JEP draft: Ahead-of-Time Class Loading & Linking with Any GC

OwnerErik Österlund
TypeFeature
ScopeJDK
StatusSubmitted
Componenthotspot / gc
Discussionhotspot dash dev at openjdk dot org
EffortM
DurationM
Reviewed byAlex Buckley, Ioi Lam, Stefan Karlsson, Vladimir Kozlov
Created2024/02/16 09:49
Updated2025/05/06 19:14
Issue8326035

Summary

Enhance the ahead-of-time cache, which enables the HotSpot Java Virtual Machine to improve startup and warmup time, so that it can be used with any garbage collector, including the low-latency Z Garbage Collector (ZGC).

Goals

Motivation

Most of the HotSpot JVM's garbage collectors pause application threads in order to reclaim memory. This causes the application to take significantly longer than usual to handle some requests, increasing its tail latency. For example, 99% of all requests may be handled within 10ms, but 1% of the requests may take 100ms or more. You can minimize the tail latency caused by garbage collection by using the Z Garbage Collector (ZGC). ZGC reclaims memory concurrently, never pausing application threads for more than a millisecond.

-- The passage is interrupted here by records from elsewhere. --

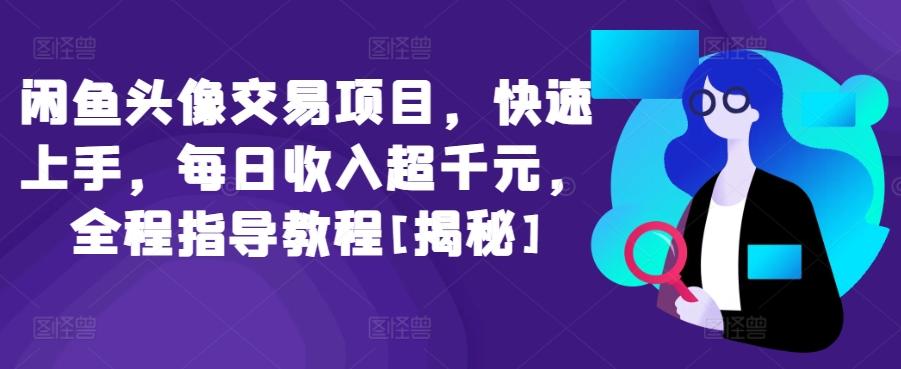 闲鱼头像交易项目，快速上手，每日收入超千元，全程指导教程[揭秘]-知库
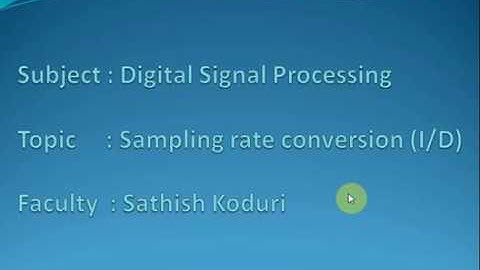 sampling rate conversion I/D_Digital Signal processing Lec 010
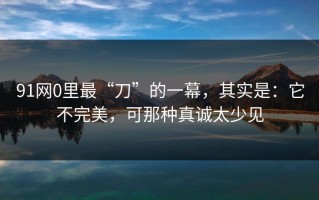 91网0里最“刀”的一幕，其实是：它不完美，可那种真诚太少见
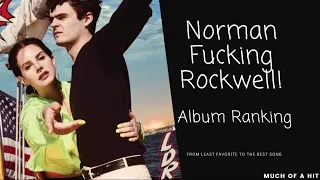 Norman Fucking Rockwell! Album Ranking
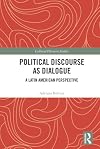 Political discourse as dialogue : a Latin American perspective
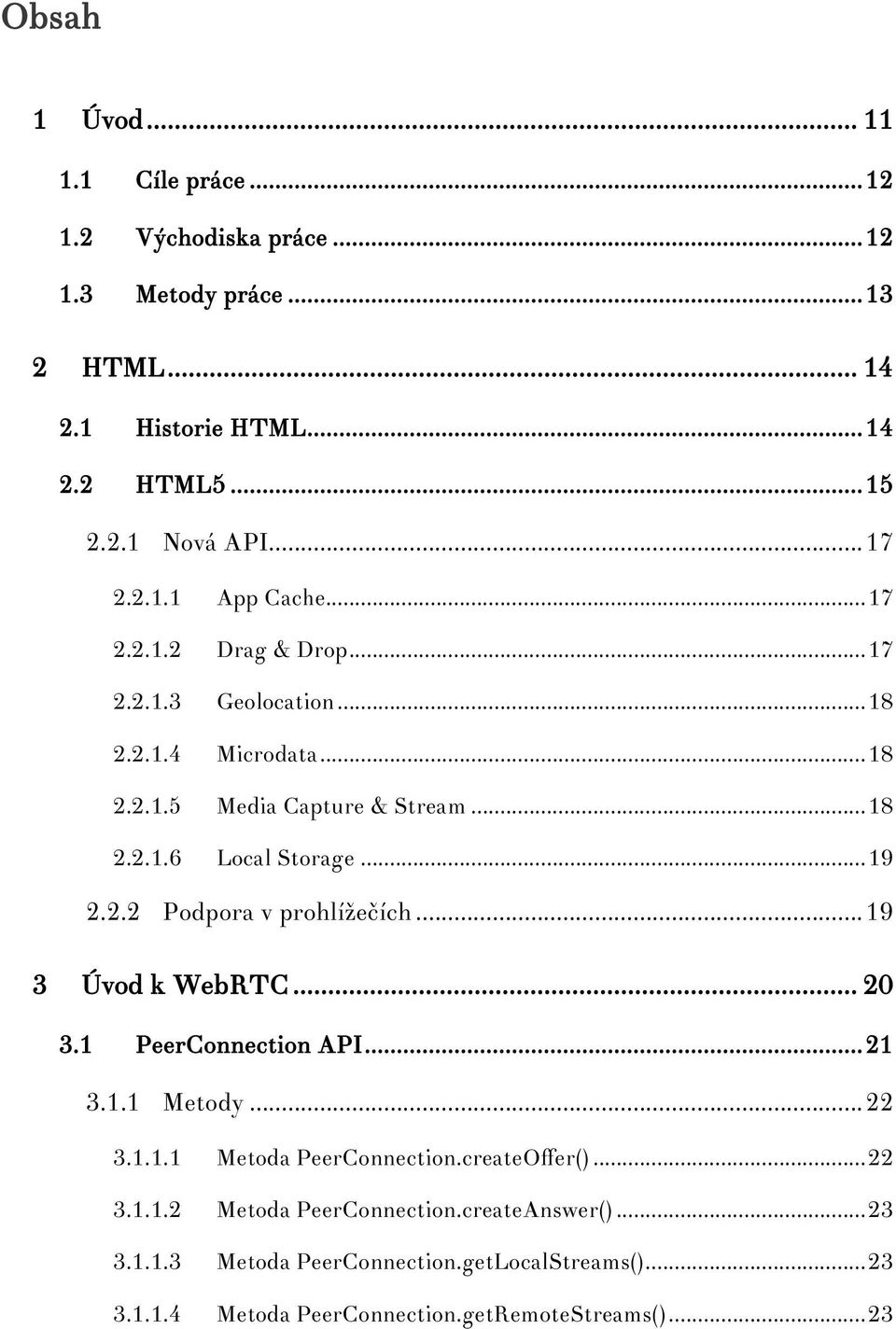 .. 19 2.2.2 Podpora v prohlížečích... 19 3 Úvod k WebRTC... 20 3.1 PeerConnection API... 21 3.1.1 Metody... 22 3.1.1.1 Metoda PeerConnection.createOffer()... 22 3.1.1.2 Metoda PeerConnection.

Garbage collection is, however, not the only cause of high tail latency.

Java applications are often scaled by starting new JVM instances to handle more requests, but requests sent to a new instance take significantly longer than requests sent to a warmed-up instance. To address this source of tail latency, you can enable ahead-of-time class loading and linking, introduced in JDK 24. This improves application startup by caching your application’s classes in a training run so that they are available immediately in production. For example, the Spring PetClinic demo application starts 41% more quickly in production because the cache enables some 21,000 classes to appear immediately loaded and linked at startup. Forthcoming features, such as ahead-of-time method profiling and code compilation, will further leverage the ahead-of-time cache to further extend these gains.

Unfortunately, the way that classes are cached is incompatible with ZGC. This forces you to choose between suffering GC-induced tail latency or suffering startup-induced tail latency. If you use ZGC to reduce the former then you cannot enable ahead-of-time class loading and linking to reduce the latter, and vice versa.

We could avoid this painful choice if AOT caches could be used with any of the HotSpot JVM's garbage collectors, including ZGC.

Description

An AOT cache contains, among other things, representations of the Class objects for classes that were loaded and linked during a training run. It also contains objects referenced by those Class objects, such as strings and byte arrays.

Today, AOT cache files are GC-specific: Their format is bitwise-compatible with the format of heap objects understood by the GC, so that the JVM can map them directly into the heap memory managed by the GC.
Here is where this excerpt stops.